Records drawn from a dataset:
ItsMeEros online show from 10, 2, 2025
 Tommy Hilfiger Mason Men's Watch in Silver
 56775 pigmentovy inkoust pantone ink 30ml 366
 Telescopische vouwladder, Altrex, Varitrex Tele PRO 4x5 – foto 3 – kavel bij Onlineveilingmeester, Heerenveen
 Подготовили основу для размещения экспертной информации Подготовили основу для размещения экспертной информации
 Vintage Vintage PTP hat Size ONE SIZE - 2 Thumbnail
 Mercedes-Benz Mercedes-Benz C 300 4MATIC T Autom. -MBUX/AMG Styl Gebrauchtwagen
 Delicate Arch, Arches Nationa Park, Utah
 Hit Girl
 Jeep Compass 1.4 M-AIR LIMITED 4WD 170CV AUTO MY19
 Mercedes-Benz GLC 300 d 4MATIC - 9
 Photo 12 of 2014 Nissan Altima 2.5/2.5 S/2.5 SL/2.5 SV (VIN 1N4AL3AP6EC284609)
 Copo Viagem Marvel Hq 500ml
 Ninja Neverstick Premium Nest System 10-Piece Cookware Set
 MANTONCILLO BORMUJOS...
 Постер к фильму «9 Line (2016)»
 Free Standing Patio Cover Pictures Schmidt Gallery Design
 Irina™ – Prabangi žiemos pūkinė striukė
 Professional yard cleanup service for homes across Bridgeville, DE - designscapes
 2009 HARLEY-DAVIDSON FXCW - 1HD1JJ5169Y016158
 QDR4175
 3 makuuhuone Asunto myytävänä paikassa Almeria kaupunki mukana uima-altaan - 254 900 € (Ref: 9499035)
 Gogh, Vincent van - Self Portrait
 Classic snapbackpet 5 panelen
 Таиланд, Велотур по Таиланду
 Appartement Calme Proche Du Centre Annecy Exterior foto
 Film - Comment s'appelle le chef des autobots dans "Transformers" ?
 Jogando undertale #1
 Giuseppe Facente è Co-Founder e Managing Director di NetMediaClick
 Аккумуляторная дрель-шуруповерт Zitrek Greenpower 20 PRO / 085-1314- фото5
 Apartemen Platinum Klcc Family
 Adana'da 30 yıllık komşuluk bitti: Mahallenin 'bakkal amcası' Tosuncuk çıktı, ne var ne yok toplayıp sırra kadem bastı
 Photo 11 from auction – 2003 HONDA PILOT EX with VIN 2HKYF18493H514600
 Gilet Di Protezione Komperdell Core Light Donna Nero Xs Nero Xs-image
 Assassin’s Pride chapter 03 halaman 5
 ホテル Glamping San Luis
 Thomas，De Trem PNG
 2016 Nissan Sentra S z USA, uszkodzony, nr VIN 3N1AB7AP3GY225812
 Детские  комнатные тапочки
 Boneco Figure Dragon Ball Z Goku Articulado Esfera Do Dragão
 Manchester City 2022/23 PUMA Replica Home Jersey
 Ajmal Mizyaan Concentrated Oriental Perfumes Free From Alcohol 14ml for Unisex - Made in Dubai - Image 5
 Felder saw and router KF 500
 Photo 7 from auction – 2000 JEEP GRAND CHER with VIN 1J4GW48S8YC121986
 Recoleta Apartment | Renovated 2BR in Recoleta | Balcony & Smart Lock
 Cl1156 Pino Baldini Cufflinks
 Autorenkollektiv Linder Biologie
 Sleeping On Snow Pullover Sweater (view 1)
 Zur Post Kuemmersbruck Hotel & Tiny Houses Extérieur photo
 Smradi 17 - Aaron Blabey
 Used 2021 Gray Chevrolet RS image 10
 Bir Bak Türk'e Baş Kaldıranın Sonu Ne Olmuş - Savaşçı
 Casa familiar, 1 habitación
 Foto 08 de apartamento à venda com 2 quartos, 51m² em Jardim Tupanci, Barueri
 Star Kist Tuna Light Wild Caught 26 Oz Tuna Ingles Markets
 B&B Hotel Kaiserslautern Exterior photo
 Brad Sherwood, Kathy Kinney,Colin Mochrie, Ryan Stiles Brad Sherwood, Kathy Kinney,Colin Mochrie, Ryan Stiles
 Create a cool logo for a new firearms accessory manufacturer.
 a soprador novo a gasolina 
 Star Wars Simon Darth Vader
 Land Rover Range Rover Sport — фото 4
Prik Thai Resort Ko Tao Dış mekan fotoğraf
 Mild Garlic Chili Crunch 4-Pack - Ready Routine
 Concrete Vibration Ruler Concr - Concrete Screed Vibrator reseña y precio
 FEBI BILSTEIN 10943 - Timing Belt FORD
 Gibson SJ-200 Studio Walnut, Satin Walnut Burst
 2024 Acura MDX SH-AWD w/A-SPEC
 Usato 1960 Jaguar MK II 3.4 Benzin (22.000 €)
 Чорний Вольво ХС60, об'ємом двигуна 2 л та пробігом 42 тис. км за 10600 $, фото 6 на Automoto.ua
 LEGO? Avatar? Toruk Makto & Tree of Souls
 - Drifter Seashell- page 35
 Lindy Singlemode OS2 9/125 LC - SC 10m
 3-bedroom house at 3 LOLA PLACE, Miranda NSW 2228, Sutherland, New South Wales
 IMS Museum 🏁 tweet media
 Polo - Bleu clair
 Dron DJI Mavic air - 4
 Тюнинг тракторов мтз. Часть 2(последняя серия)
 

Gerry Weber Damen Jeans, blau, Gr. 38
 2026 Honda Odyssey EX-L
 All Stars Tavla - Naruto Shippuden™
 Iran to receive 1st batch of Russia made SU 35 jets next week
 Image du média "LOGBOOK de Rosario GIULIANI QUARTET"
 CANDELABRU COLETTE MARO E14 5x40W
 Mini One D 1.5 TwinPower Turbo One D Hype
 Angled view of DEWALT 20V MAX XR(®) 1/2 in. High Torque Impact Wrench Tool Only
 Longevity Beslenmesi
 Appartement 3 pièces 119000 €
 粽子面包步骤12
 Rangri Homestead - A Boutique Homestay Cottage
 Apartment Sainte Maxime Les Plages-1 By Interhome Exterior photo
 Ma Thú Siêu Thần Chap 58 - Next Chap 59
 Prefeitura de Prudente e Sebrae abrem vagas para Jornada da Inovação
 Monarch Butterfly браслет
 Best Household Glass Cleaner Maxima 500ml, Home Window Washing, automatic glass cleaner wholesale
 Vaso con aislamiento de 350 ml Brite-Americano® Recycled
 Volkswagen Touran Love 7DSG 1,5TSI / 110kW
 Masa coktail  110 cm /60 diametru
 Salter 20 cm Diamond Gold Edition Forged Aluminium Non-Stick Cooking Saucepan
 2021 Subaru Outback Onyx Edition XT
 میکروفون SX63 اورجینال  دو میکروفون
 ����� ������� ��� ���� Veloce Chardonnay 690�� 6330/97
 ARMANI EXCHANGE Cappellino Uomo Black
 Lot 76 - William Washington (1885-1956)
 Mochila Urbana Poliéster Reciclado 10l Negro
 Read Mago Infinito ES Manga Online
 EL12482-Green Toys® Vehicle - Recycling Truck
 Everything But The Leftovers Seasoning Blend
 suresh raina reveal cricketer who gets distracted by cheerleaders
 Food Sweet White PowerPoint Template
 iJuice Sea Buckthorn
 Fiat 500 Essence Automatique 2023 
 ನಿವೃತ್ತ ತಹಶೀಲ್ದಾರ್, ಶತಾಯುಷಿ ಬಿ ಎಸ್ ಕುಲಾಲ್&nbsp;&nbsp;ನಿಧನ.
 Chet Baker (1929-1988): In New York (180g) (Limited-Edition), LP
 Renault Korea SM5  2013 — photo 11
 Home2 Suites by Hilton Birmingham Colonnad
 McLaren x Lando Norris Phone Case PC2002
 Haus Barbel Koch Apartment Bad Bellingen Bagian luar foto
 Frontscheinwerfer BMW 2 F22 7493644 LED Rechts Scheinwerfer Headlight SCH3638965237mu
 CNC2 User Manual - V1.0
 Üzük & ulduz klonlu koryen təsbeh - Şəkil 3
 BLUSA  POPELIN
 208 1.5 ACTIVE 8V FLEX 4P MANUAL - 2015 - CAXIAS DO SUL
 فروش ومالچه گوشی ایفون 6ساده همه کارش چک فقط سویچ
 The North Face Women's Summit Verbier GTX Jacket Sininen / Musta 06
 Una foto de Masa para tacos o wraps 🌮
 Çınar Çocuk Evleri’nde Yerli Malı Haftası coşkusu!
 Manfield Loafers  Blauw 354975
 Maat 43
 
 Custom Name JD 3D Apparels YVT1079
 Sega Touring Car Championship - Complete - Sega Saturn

Task to carry out: The lines above that include "Appartement" should each be listed.

Answer below:
 Appartement Calme Proche Du Centre Annecy Exterior foto
 Appartement 3 pièces 119000 €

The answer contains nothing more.